She cooked up a delicious breakfast of Blini and honey ginger tea. Blin or Blini (pl.), a popular Russian breakfast item are essentially super thin pancakes and can be eaten sweet or savory. Much like a Cheela. The moment I had these I knew I had to get back and make some for ‘T’!

Traditional Russian Blini are made with yeasted batter, which is left to rise and then diluted with cold or boiling water or milk. When diluted with boiling water, they are referred to as zavarniye blini and are baked in a Russian oven. Though, these days they are universally pan-fried, like pancakes.

I did a summer spin on these with some berries included in the batter and made them pancake style. The blueberries speckled the Blini making them look gorgeous! I served them up with some cut fruit and a small dollop of sour cream.

photo 1

 

 

 

 

 

Ingredients:

  • 2 eggs
  • 1 tablespoon white sugar
  • Pinch of salt
  • 1/2 cup all-purpose flour (one can use any kind of flour for these)
  • 2 1/2 cups milk
  • 1/2 cup of blueberries and strawberries
  • Butter

Method:

In a bowl, whisk together the eggs, sugar, and salt.

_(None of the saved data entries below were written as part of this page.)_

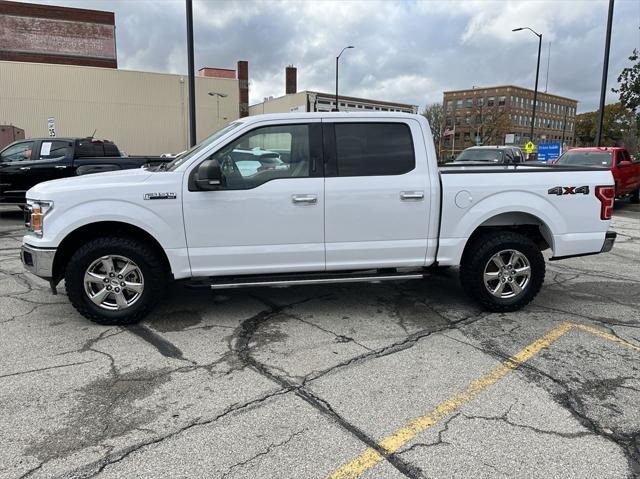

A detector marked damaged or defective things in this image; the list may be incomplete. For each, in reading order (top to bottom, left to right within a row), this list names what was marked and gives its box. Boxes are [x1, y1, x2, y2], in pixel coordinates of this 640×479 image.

cracked pavement [0, 203, 636, 479]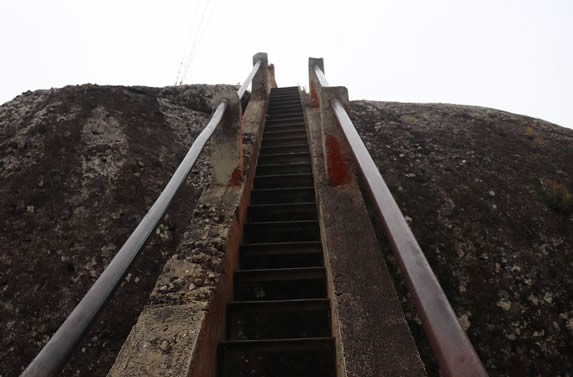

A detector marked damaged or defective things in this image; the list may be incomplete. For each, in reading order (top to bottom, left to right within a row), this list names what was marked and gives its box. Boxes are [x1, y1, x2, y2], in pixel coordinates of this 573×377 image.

rusty metal handrail [20, 55, 266, 376]
brown rust patch [324, 134, 350, 186]
rusty metal handrail [312, 64, 488, 376]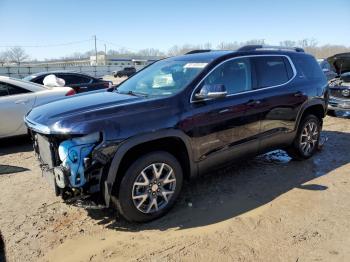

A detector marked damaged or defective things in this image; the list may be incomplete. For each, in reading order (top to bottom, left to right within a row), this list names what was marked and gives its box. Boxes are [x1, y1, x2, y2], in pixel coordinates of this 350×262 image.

crumpled hood [326, 52, 350, 74]
crumpled hood [25, 90, 144, 135]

Sift the flour into the bowl, and stir in along with the milk. Then, add the berries and blend it until smooth. The batter should be thin. I used a hand blender.
Heat a griddle or skillet over medium heat. Lightly butter the pan. Pour about 2 tablespoons of the batter, or as much as desired, into the pan. Tilt the pan to spread the batter out evenly. When the edges are crisp looking and the center appears dry, slide a spatula carefully under the Blin. Flip, and cook for about 1 minute on the other side, or until lightly browned.

Remove Blin to a plate. Put a little butter on top, and continue to stack on top of each other. To serve, spread with desired filling, then fold in half, and in half again to form a triangle.